Almost 500 Ector County Independent School District students in the Scholars in Progress program will compete in the annual Chess for Champions tournament set for 9 a.m. to noon today at the University of Texas of the Permian Basin gym.
Students in first through fifth grade will participate. With so many students, both levels of the gym will be used, Omega Loera, ECISD Director of Advanced Academic Services, said.
Haydee Davila, a first- and second-grade Scholars in Progress teacher at Blackshear Elementary Magnet, presided over practice Thursday for a small class of first and second grade students from Travis Magnet Elementary School.
Davila has been preparing her students for the tournament since the beginning of the school year.
“At an early age, it really helps them start focusing. I teach them to focus on their game and they learn to problem solve,” Davila said.
That and sharpening math skills are two of the benefits of chess, she added. But the game also teaches them sportsmanship.
“If you win, let’s not be boastful, and if you lose, let’s not cry,” Davila said. “Learn from our mistakes. That’s one of the best things, and of course, it exercises their brains and they love it.”
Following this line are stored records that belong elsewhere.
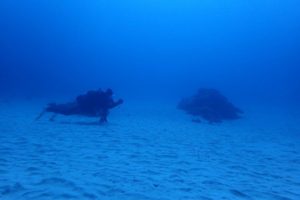 2017.11.03　慶良間ボート　ファンダイビング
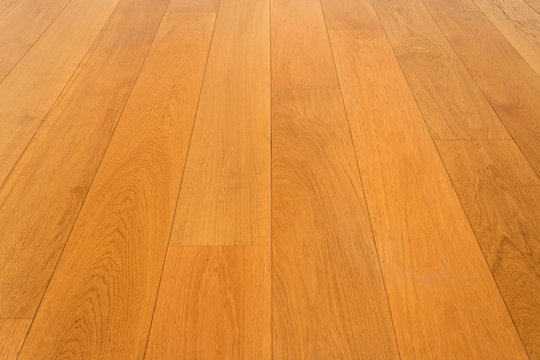 Oak Floor Images Browse 440 Stock, Hardwood Floor Adhesive Toolstation Egyptian Cotton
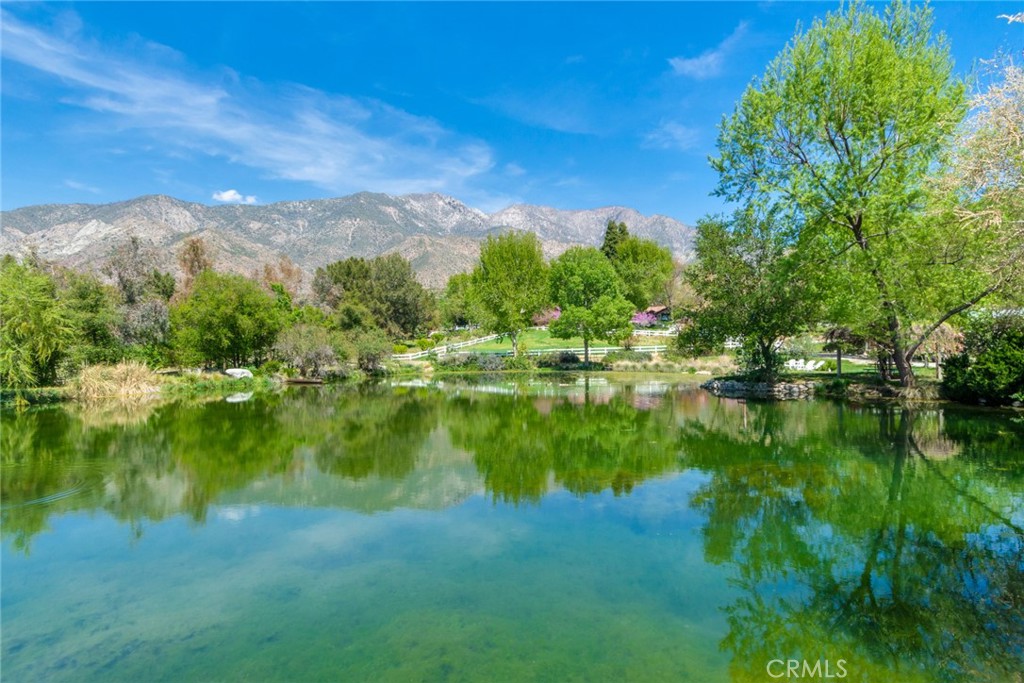 37547 Oak Glen Road Property Photo 17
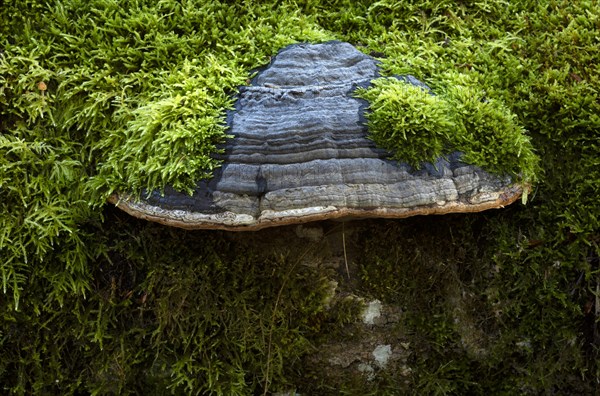 Deadwood overgrown with mossy tinder funguses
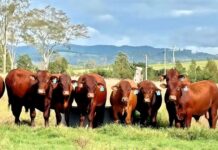 The ’complete package’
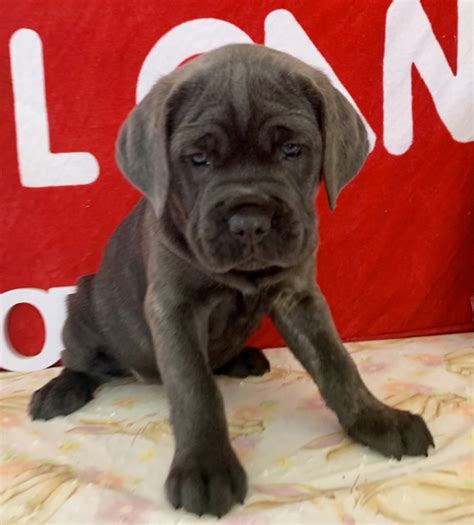 23 Cane Corso Puppies Oregon Image Bleumoonproductions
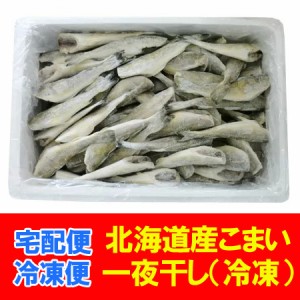 北海道産 こまい 送料無料 氷下魚 業務用 こまい 80尾～120尾入 Sサイズ 一夜干し コマイ 冷凍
To teach the class, Davila said she had to learn chess. Her daughter was in the program and her daughter taught Davila. Then her husband, who she said is a “really great” chess player, started helping her.
“Teaching the kids, I learned,” she said. Davila starts with introducing the chess board and every two weeks, she introduces a piece.
Diego Sandoval and Amiyah Brito, both 7-year-old second-graders from Travis, will take part in Saturday’s tournament.
Sandoval said the game is “pretty fun.” He said it helps him make choices.
Brito said it helps her think clearly.
“It helps your intellect,” Brito said. “… It helps you remember things.”
Mary Daniell and Mia Dominguez, both 8-year-old second-graders from Travis, said they like that chess exercises their intellect and is healthy for their brains.
Eliseo Gomez, a first through fifth grade Scholar in Progress teacher at Reagan Magnet Elementary, said his students play chess daily in the classroom as part of the gifted and talented curriculum and to prepare for the tournament.
His students also have participated in a chess puzzle where they played chess on paper and there also is a program the district purchased called chesskid.com for elementary to high school students.
“There are chess lessons on there. … They have to complete each lesson to move on. It’s a resource for kids who want to learn and parents who want to learn more,” Gomez said.
He noted that chess also helps raise IQs; it uses both sides of the brain; sparks creativity; problem solving, planning and concentration.